Updated at 8:05 p.m. ET
The House will hold a straight vote on the "fiscal cliff" bill passed by the Senate overnight - a major step in finally averting several effects of the "cliff."
If the bill passes the House, it moves on to President Obama for his signature, ending weeks of fighting about how to deal with the tax hikes and spending cuts that began hitting the country today.
It wasn't easy getting to this point today in the House. After meeting with the Republican conference and listening to
members' concerns, House Speaker John Boehner presented them with two
options, a GOP leadership aide said: The first option would be to offer
an amendment to the Senate bill that would add a $323 billion package of
spending cuts. If GOP leaders couldn't muster enough support for the
amendment idea, the second option would be to vote on the Senate bill
As it turned out, House Republican leadership scuttled the amendment idea and announced they would vote on an unamended version of the Senate bill.
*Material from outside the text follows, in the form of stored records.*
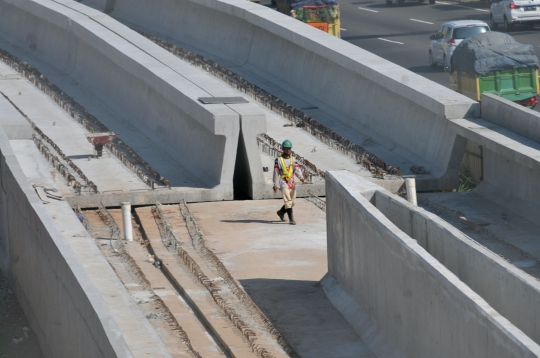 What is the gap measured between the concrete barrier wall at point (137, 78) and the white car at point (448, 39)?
12314 millimetres

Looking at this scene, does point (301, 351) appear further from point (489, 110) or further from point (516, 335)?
point (489, 110)

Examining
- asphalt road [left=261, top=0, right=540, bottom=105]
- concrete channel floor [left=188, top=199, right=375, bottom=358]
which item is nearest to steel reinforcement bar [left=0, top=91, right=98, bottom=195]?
concrete channel floor [left=188, top=199, right=375, bottom=358]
Earlier in the day, House Majority Leader Eric Cantor, the No. 2 Republican in the House, declared his opposition to the Senate-passed "fiscal cliff" deal, threatening to put the deal in peril.
"I do not support the bill," Cantor said walking out of a conference meeting in which House Republicans discussed the "fiscal cliff" deal passed in the Senate overnight.
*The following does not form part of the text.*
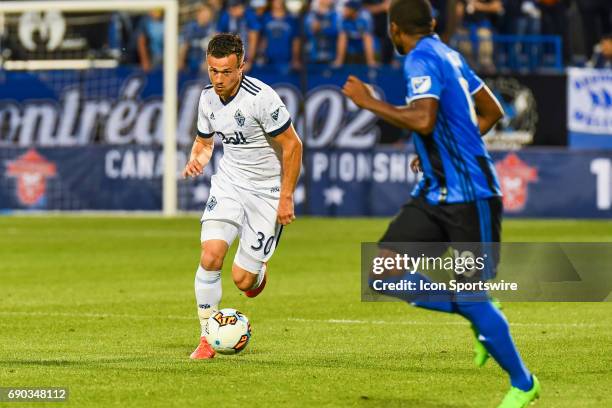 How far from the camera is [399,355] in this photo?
32.7 feet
A number of other House Republicans today expressed serious concerns about the lack of spending cuts in the Senate bill, CBS News' Jill Jackson reports. Some GOP members said they would vote against the deal for that reason. The nonpartisan Congressional Budget Office released a report today estimating that the Senate bill would add $329 billion to deficits in 2013 and $3.9 trillion to deficits over the next 10 years, relative to current law.
Boehner spokesman Brendan Buck said after today's first conference meeting that the lack of spending cuts in the Senate bill "was a universal concern amongst members."
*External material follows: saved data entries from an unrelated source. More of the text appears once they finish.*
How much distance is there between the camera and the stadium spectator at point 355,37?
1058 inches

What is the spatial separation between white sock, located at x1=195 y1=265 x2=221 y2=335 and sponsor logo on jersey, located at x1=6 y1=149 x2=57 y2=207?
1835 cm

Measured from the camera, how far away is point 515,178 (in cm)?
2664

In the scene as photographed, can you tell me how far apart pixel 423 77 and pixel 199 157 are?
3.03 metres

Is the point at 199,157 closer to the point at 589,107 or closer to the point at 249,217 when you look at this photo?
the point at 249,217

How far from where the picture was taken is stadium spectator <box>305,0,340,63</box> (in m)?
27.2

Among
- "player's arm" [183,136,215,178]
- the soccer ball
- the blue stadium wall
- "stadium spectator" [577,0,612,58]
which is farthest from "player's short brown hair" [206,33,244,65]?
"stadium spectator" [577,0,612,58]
"The Speaker and Leader laid out options to the members and listened to feedback," Buck said. "Conversations with members will continue throughout the afternoon on the path forward."
Rep. Nan Hayworth, R-N.Y., said on her way out of the afternoon meeting, "What we want is to do what's best for the American people. When you talk about balance, you've got to provide responsible spending restraint for the long term. This bill doesn't have that."
Other Republicans today said they would vote for the Senate bill because it represents the best deal possible and takes the president's best leverage -- taxes -- off the table. It locks in the Bush-era tax rates for more than 98 percent of Americans and sets the stage for a major negotiation over spending cuts in the next two months.
Lawmakers had hoped to resolve any uncertainty over the so-called "fiscal cliff" before financial markets reopen Wednesday, but Cantor's opposition puts the fate of the deal in doubt. As of Tuesday afternoon, it was unclear when the House would vote on the Senate bill.
"We're waiting here on the House doing something finally on the cliff, we hope," Senate Majority Leader Harry Reid, D-Nev., said in a brief appearance on the Senate floor today.